Print only the lines below, from the very first to the one containing "D K Shivakumar", exactly as they stand. Do not print pictures.

------ Source material ------

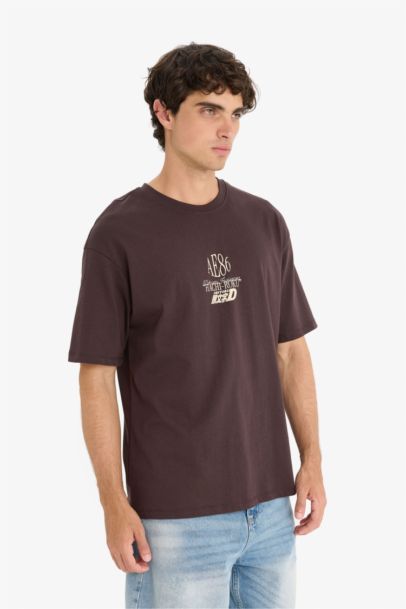 Boxy Fit Crew Neck Printed Short Sleeve T-Shirt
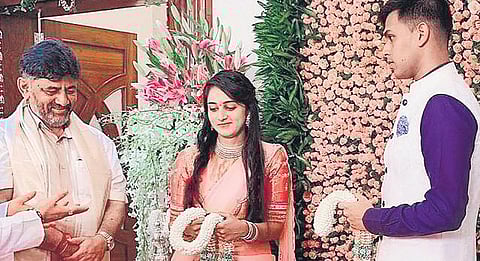 D K Shivakumar takes part in the Kumkum Shastra of his daughter | NAGARAJa GADEKAL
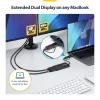 StarTech.com USB į dvigubą HDMI adapteris, USB A/C į 2x HDMI ekranus (1x 4K30Hz, 1x 1080p), integruotas USB-A į C adapteris, 11 cm laidas, USB 3.0 į HDMI vaizdo adapteris, Windows ir macOS
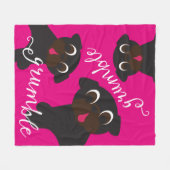 Grumble Black Pug Fleece Blanket Hot Pink (Voorkant (Horizontaal))
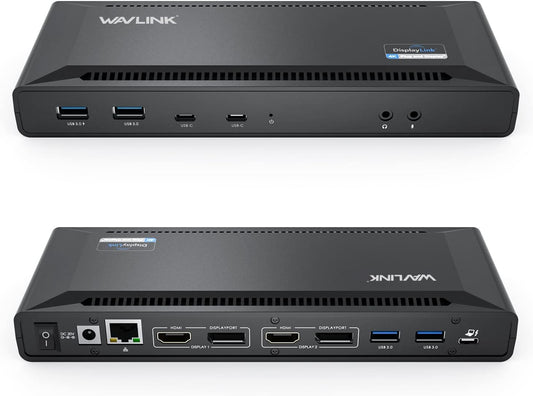 WAVLINK Universal USB C Laptop Docking Station Dual Monitors 5K/4K@60Hz with 65W Host Charging for Thunderbolt 4/3, USB-C Windows, Mac M1-M5/Macbook Neo, Chrome (2HDMI+2DP), 6USB 3.0, 1Gbps Ethernet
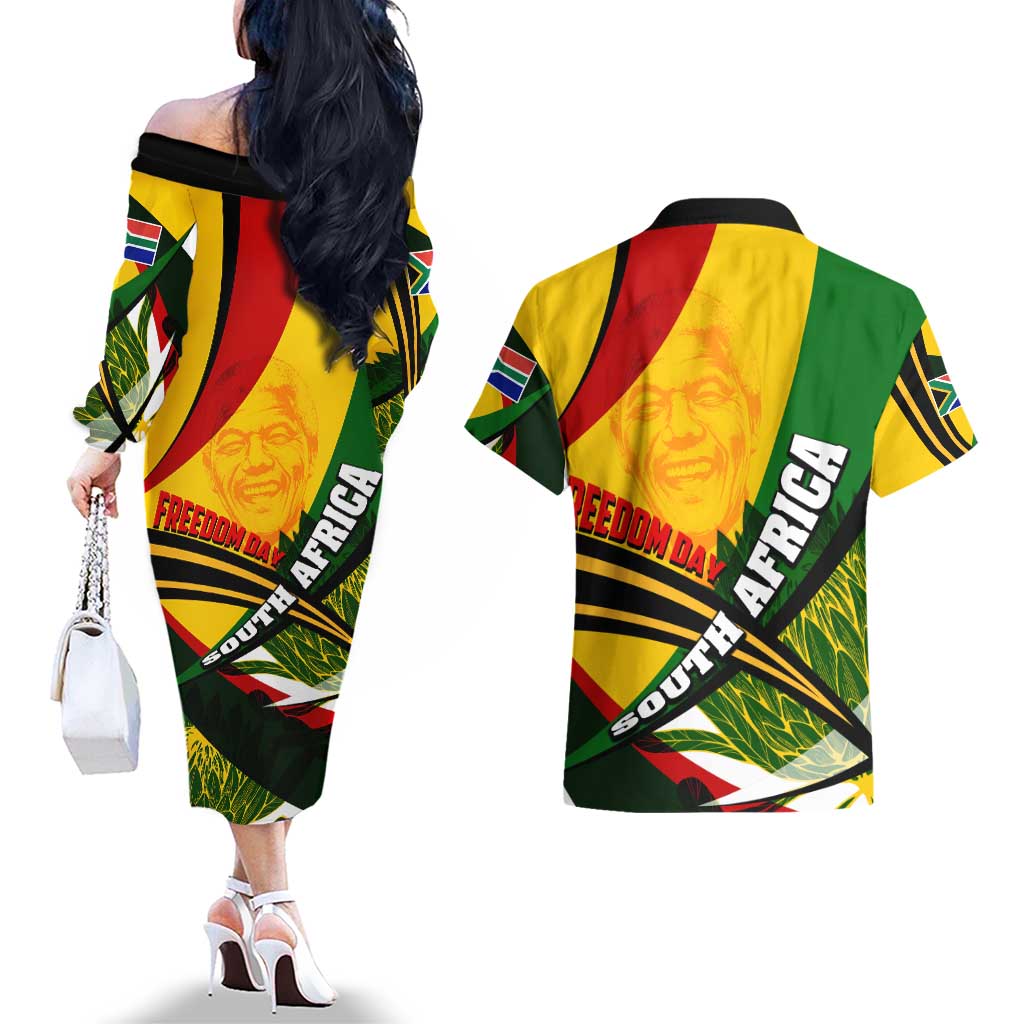 South Africa Freedom Day Couples Matching Off The Shoulder Long Sleeve Dress and Hawaiian Shirt Mandela Legacy National Pride Protea Flower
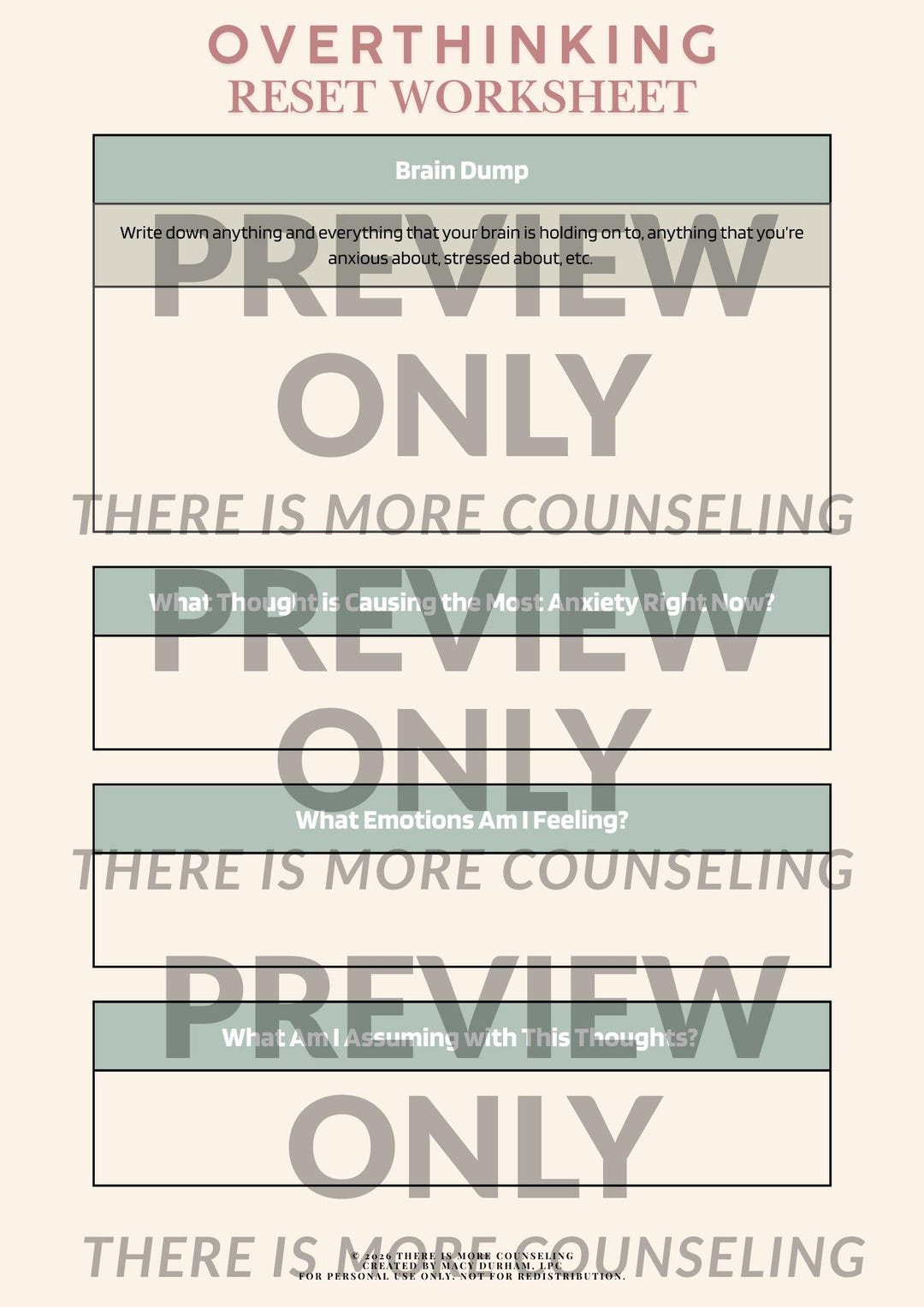 Overthinking Reset Worksheet | Christian Anxiety Reflection Printable ...
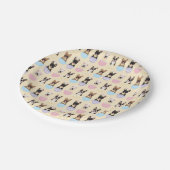 Happy Easter French Bulldog Pattern Pappteller (Schrägansicht)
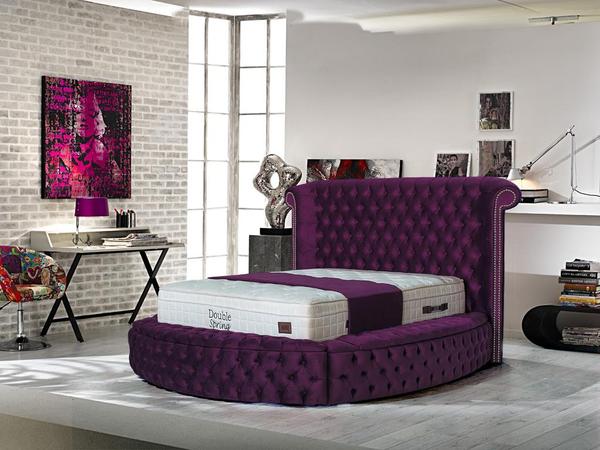 Viss Velvet Purple Maroon Queen Storage Platform Bed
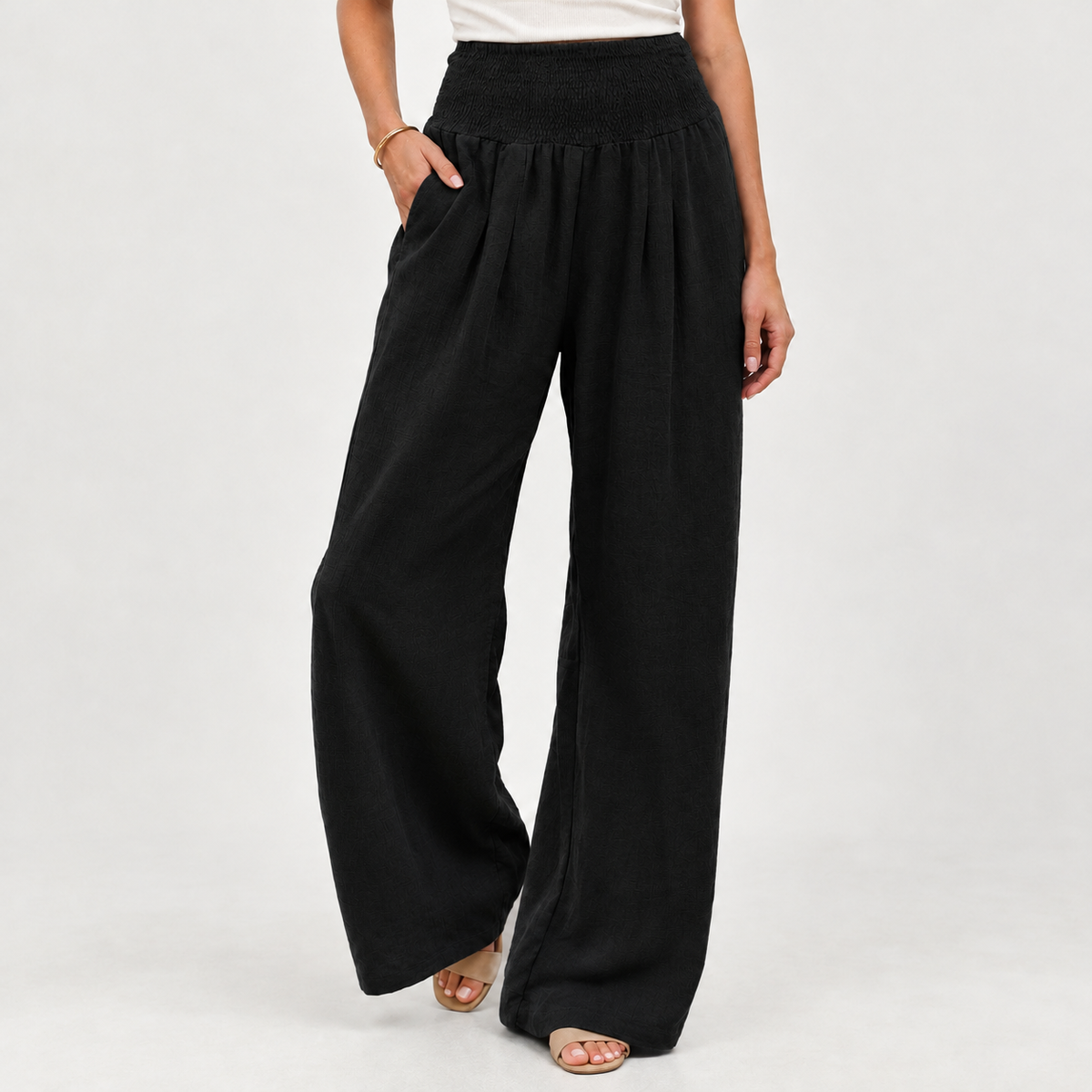 Annick Wide Leg Pants - Black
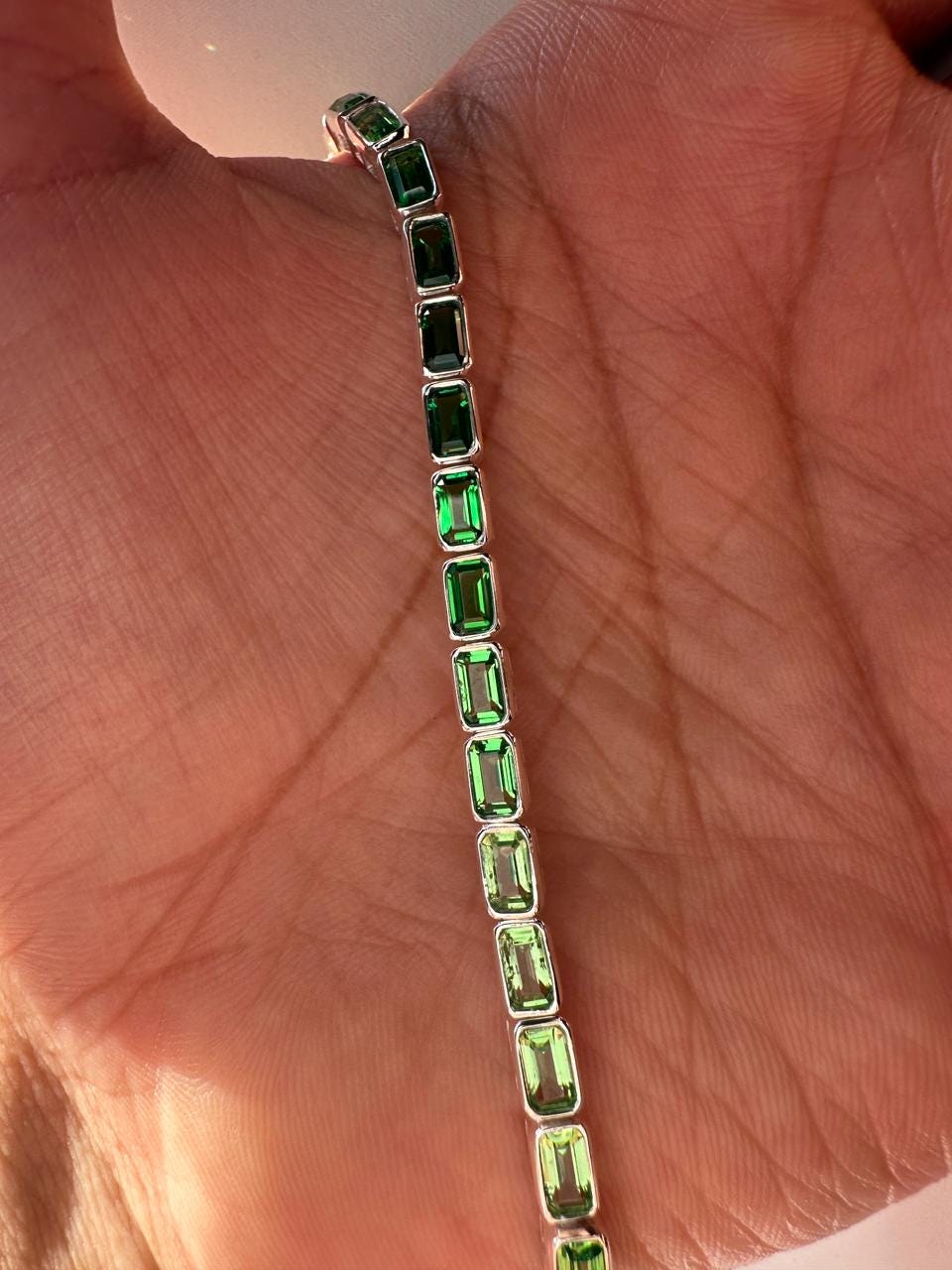 Green Emerald Tennis Bracelet | 925 Sterling Silver, 12 CT Minimalist Luxury Bracelet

------

Output of the task =>
 Boxy Fit Crew Neck Printed Short Sleeve T-Shirt
 D K Shivakumar takes part in the Kumkum Shastra of his daughter | NAGARAJa GADEKAL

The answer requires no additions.